Half Moon Island (Antarctica) (AFP)

Being an environmental dunce, the cruise industry is tentatively trying to get green by exploring several technological paths, hybrid solutions to the return of sailing.

. A pollutant sector

Climate footprint and, above all, atmospheric pollution ... The cruise has no good press: the vast majority of cruise ships fuel heavy fuel, cheap but full of pollutants (sulfur, nitrogen, fine particles) likely to generate, among others, respiratory and cardiovascular diseases.

To date, this fuel is only banned in Antarctica.

According to one of the European NGO group Transport & Environment, 203 cruise ships sailing in Europe emitted more than 10 million tonnes of CO2 in 2017, the equivalent of the annual emissions of Luxembourg or Cyprus.

According to the study, these same ships rejected 20 times more sulfur oxide that year than the 260 million vehicles circulating on the Old Continent.
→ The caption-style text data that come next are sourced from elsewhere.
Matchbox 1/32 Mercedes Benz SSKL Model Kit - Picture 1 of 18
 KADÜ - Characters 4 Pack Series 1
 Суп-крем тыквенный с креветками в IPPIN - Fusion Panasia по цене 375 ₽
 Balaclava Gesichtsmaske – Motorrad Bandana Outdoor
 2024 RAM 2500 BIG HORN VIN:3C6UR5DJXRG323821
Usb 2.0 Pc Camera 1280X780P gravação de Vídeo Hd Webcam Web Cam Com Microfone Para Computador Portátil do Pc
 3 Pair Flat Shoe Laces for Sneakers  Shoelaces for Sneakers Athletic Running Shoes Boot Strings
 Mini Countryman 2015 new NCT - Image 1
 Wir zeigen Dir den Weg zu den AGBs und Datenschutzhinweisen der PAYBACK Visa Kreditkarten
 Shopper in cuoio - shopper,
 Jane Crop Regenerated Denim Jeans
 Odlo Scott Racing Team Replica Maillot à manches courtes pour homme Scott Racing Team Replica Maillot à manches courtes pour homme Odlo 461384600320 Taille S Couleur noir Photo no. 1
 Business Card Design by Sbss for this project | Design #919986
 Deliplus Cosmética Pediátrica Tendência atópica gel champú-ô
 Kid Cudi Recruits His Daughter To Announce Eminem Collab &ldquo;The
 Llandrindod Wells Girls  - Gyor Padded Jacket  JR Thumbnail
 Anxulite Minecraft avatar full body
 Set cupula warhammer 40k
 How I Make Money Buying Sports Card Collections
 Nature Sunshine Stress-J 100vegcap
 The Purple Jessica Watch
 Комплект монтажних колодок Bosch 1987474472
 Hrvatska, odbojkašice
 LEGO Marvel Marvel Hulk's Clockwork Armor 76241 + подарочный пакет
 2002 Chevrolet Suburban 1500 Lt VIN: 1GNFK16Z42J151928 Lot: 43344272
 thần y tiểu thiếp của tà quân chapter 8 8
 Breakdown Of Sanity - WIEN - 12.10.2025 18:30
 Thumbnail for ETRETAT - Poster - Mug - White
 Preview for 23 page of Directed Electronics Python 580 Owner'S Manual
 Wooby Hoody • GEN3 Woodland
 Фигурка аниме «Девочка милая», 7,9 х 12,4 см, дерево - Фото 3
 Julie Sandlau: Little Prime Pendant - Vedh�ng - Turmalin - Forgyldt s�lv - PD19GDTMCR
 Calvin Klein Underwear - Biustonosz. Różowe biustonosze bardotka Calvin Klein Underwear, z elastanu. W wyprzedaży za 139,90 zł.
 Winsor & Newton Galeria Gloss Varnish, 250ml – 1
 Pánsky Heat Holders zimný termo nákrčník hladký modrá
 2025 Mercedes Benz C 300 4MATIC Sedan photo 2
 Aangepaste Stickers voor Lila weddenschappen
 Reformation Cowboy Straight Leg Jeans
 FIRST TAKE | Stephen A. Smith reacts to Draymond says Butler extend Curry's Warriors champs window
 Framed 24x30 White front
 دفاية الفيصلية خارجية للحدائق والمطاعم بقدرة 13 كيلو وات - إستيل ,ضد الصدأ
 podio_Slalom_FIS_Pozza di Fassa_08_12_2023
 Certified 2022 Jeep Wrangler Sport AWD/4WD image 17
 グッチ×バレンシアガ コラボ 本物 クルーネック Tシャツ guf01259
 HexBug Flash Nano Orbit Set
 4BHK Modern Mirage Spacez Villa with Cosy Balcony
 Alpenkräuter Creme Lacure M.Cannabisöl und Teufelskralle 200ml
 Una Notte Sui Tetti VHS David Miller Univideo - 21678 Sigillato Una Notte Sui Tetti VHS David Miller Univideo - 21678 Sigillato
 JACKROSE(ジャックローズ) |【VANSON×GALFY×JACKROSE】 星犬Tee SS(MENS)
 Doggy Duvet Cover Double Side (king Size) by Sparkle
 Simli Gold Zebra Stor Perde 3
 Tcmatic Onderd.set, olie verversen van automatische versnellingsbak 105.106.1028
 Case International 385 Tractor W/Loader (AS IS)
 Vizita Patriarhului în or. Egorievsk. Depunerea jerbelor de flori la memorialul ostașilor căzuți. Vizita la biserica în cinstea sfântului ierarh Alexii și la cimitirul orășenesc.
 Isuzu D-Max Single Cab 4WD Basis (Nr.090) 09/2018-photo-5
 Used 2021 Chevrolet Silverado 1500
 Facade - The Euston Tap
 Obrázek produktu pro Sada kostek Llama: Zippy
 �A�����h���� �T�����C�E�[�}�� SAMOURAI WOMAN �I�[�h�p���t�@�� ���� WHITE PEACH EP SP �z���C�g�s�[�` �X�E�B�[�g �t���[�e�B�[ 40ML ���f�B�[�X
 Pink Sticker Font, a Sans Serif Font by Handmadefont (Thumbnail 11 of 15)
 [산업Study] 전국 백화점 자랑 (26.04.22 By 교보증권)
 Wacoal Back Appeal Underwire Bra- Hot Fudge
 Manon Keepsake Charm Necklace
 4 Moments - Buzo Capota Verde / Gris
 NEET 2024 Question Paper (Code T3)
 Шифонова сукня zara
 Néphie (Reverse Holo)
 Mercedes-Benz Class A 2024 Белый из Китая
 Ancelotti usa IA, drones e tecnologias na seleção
If progress is made, they are slow.

"Only a small proportion of the fleet becomes cleaner, while the industry globally continues to use heavy fuel oil and still does not use scrubbers" exhaust emissions, notes the German NGO Nabu in its 2019 cruise ships

As of 1 January 2020, the sulfur content of marine fuels will be limited to 0.5%, except for ships with scrubbers, compared to 3.5% currently, according to a new regulation of the International Maritime Organization (IMO).

In some areas, such as the North Sea or the Baltic Sea, the maximum permitted level is already 0.1%.

Scrubbers themselves are disputed because, in the maritime sector in general, most of the shipowners who equip them opt for an open circuit, with the discharge of pollutants at sea, rather than a closed system, where the filtered sulfur is stored on board the boats.

Several countries, especially in Europe and Asia, have banned the first category in their waters and ports, or are preparing to do so.

. Different tracks

- "Prius of the seas". The world's first diesel-electric hybrid cruise ship - soon followed by a twin - the Roald Amundsen launched this summer by the Norwegian company Hurtigruten operates much like the Toyota Prius car. Two battery compartments replace the four diesel engines during peak demand, which, according to Hurtigruten, reduces fuel consumption and emissions by 20%.

- Hybrid (bis). The French Ponant has opted for an electric hybrid with dual propulsion (LNG / fuel) for its cruise cruiser Commander Charcot, currently under construction. Available in 2021, the ship, which will sail to the geographic North Pole, will be zero emissions in electric mode (for a few hours). In LNG mode, CO2 emissions will be reduced by 25%, nitrogen oxide by 85% and fine particles by 95%, depending on the company. Like Hurtigruten before it, Ponant voluntarily gave up this year heavy fuel on all its ships.

- Full gas. Launched in 2018 and 2019, the mastodons Aida Nova and Costa Smeralda, capable of carrying more than 6,500 passengers each, dominate the Nabu rankings. Owned by the Italian Costa Cruises (via its German subsidiary Aida for the first), these two ships are the first to be propelled to liquefied natural gas (LNG), which means that they produce very little fine particles. Several other LNG liners are on order.

- In the wind. Shipyards revisit sailing. Chantiers de l'Atlantique is developing, for example, the Silenseas concept combining rigid sails ("Solid Sail") and other propulsion and energy production technologies (LNG, batteries, etc.), again reducing emissions. .

- Plugged in. Some companies like Aida and the American Princess Cruises have also decided to turn their ships so that they can connect to the power grid ashore when they are in port, rather than letting their engines run, a source of major pollution in the cities visited. Still rare, terrestrial infrastructures tend to develop.

- Compensation. The Swiss MSC Cruises has set itself the goal of becoming the first major carbon-neutral cruise group by financing from 1 January 2020 projects to offset its emissions around the world.